(Collected data entries)
.....
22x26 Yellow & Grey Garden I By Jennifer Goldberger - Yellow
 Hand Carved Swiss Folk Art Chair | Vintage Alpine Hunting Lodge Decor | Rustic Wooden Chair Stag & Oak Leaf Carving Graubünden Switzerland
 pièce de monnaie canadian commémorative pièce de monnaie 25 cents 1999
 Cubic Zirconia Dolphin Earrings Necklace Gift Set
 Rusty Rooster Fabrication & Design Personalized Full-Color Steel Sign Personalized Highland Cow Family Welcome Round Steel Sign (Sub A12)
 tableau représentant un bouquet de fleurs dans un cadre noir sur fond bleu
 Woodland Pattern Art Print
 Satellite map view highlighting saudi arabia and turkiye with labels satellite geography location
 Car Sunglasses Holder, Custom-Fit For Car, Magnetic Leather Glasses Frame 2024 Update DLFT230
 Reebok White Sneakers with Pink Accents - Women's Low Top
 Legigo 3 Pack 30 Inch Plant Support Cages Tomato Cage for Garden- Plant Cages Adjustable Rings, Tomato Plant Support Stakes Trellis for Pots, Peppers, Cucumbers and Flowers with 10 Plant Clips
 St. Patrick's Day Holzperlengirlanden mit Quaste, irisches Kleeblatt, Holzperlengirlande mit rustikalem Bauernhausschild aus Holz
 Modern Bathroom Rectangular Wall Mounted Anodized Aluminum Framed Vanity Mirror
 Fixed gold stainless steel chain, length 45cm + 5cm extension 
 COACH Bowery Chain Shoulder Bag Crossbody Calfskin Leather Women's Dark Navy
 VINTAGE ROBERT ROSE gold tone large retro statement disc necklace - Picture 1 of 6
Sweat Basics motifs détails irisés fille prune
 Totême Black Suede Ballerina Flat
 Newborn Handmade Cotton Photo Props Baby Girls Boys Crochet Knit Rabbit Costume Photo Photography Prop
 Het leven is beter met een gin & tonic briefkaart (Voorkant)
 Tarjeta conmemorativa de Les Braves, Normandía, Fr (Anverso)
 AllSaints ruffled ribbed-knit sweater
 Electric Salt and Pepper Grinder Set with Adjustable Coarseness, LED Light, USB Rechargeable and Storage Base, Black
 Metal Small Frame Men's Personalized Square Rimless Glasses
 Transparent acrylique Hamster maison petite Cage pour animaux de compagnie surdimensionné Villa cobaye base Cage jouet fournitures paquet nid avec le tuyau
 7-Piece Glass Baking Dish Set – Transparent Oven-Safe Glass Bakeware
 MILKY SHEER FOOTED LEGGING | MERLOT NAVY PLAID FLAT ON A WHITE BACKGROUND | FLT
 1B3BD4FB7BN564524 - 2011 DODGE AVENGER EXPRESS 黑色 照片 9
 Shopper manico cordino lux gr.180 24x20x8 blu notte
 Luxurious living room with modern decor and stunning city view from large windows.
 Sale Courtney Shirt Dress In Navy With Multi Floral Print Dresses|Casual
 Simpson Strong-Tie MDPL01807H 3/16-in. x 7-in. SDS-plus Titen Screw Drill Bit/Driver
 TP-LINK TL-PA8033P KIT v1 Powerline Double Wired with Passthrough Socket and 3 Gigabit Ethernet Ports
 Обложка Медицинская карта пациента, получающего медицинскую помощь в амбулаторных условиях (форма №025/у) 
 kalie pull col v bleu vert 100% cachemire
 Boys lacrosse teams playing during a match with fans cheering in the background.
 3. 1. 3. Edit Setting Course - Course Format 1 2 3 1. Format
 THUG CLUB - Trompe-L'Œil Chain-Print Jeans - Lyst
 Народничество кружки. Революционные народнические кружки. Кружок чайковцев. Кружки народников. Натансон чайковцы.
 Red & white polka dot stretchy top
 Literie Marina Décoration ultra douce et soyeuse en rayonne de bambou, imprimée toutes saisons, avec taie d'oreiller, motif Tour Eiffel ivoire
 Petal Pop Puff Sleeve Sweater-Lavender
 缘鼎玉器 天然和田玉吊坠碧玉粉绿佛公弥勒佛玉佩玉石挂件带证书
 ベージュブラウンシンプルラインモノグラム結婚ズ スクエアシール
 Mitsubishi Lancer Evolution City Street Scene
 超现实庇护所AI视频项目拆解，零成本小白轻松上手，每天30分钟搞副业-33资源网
.....
→ **BRIEF**
Could the data above be set down exactly, in full?

→ **RESPONSE FOR THIS EXERCISE**
22x26 Yellow & Grey Garden I By Jennifer Goldberger - Yellow
 Hand Carved Swiss Folk Art Chair | Vintage Alpine Hunting Lodge Decor | Rustic Wooden Chair Stag & Oak Leaf Carving Graubünden Switzerland
 pièce de monnaie canadian commémorative pièce de monnaie 25 cents 1999
 Cubic Zirconia Dolphin Earrings Necklace Gift Set
 Rusty Rooster Fabrication & Design Personalized Full-Color Steel Sign Personalized Highland Cow Family Welcome Round Steel Sign (Sub A12)
 tableau représentant un bouquet de fleurs dans un cadre noir sur fond bleu
 Woodland Pattern Art Print
 Satellite map view highlighting saudi arabia and turkiye with labels satellite geography location
 Car Sunglasses Holder, Custom-Fit For Car, Magnetic Leather Glasses Frame 2024 Update DLFT230
 Reebok White Sneakers with Pink Accents - Women's Low Top
 Legigo 3 Pack 30 Inch Plant Support Cages Tomato Cage for Garden- Plant Cages Adjustable Rings, Tomato Plant Support Stakes Trellis for Pots, Peppers, Cucumbers and Flowers with 10 Plant Clips
 St. Patrick's Day Holzperlengirlanden mit Quaste, irisches Kleeblatt, Holzperlengirlande mit rustikalem Bauernhausschild aus Holz
 Modern Bathroom Rectangular Wall Mounted Anodized Aluminum Framed Vanity Mirror
 Fixed gold stainless steel chain, length 45cm + 5cm extension 
 COACH Bowery Chain Shoulder Bag Crossbody Calfskin Leather Women's Dark Navy
 VINTAGE ROBERT ROSE gold tone large retro statement disc necklace - Picture 1 of 6
Sweat Basics motifs détails irisés fille prune
 Totême Black Suede Ballerina Flat
 Newborn Handmade Cotton Photo Props Baby Girls Boys Crochet Knit Rabbit Costume Photo Photography Prop
 Het leven is beter met een gin & tonic briefkaart (Voorkant)
 Tarjeta conmemorativa de Les Braves, Normandía, Fr (Anverso)
 AllSaints ruffled ribbed-knit sweater
 Electric Salt and Pepper Grinder Set with Adjustable Coarseness, LED Light, USB Rechargeable and Storage Base, Black
 Metal Small Frame Men's Personalized Square Rimless Glasses
 Transparent acrylique Hamster maison petite Cage pour animaux de compagnie surdimensionné Villa cobaye base Cage jouet fournitures paquet nid avec le tuyau
 7-Piece Glass Baking Dish Set – Transparent Oven-Safe Glass Bakeware
 MILKY SHEER FOOTED LEGGING | MERLOT NAVY PLAID FLAT ON A WHITE BACKGROUND | FLT
 1B3BD4FB7BN564524 - 2011 DODGE AVENGER EXPRESS 黑色 照片 9
 Shopper manico cordino lux gr.180 24x20x8 blu notte
 Luxurious living room with modern decor and stunning city view from large windows.
 Sale Courtney Shirt Dress In Navy With Multi Floral Print Dresses|Casual
 Simpson Strong-Tie MDPL01807H 3/16-in. x 7-in. SDS-plus Titen Screw Drill Bit/Driver
 TP-LINK TL-PA8033P KIT v1 Powerline Double Wired with Passthrough Socket and 3 Gigabit Ethernet Ports
 Обложка Медицинская карта пациента, получающего медицинскую помощь в амбулаторных условиях (форма №025/у) 
 kalie pull col v bleu vert 100% cachemire
 Boys lacrosse teams playing during a match with fans cheering in the background.
 3. 1. 3. Edit Setting Course - Course Format 1 2 3 1. Format
 THUG CLUB - Trompe-L'Œil Chain-Print Jeans - Lyst
 Народничество кружки. Революционные народнические кружки. Кружок чайковцев. Кружки народников. Натансон чайковцы.
 Red & white polka dot stretchy top
 Literie Marina Décoration ultra douce et soyeuse en rayonne de bambou, imprimée toutes saisons, avec taie d'oreiller, motif Tour Eiffel ivoire
 Petal Pop Puff Sleeve Sweater-Lavender
 缘鼎玉器 天然和田玉吊坠碧玉粉绿佛公弥勒佛玉佩玉石挂件带证书
 ベージュブラウンシンプルラインモノグラム結婚ズ スクエアシール
 Mitsubishi Lancer Evolution City Street Scene
 超现实庇护所AI视频项目拆解，零成本小白轻松上手，每天30分钟搞副业-33资源网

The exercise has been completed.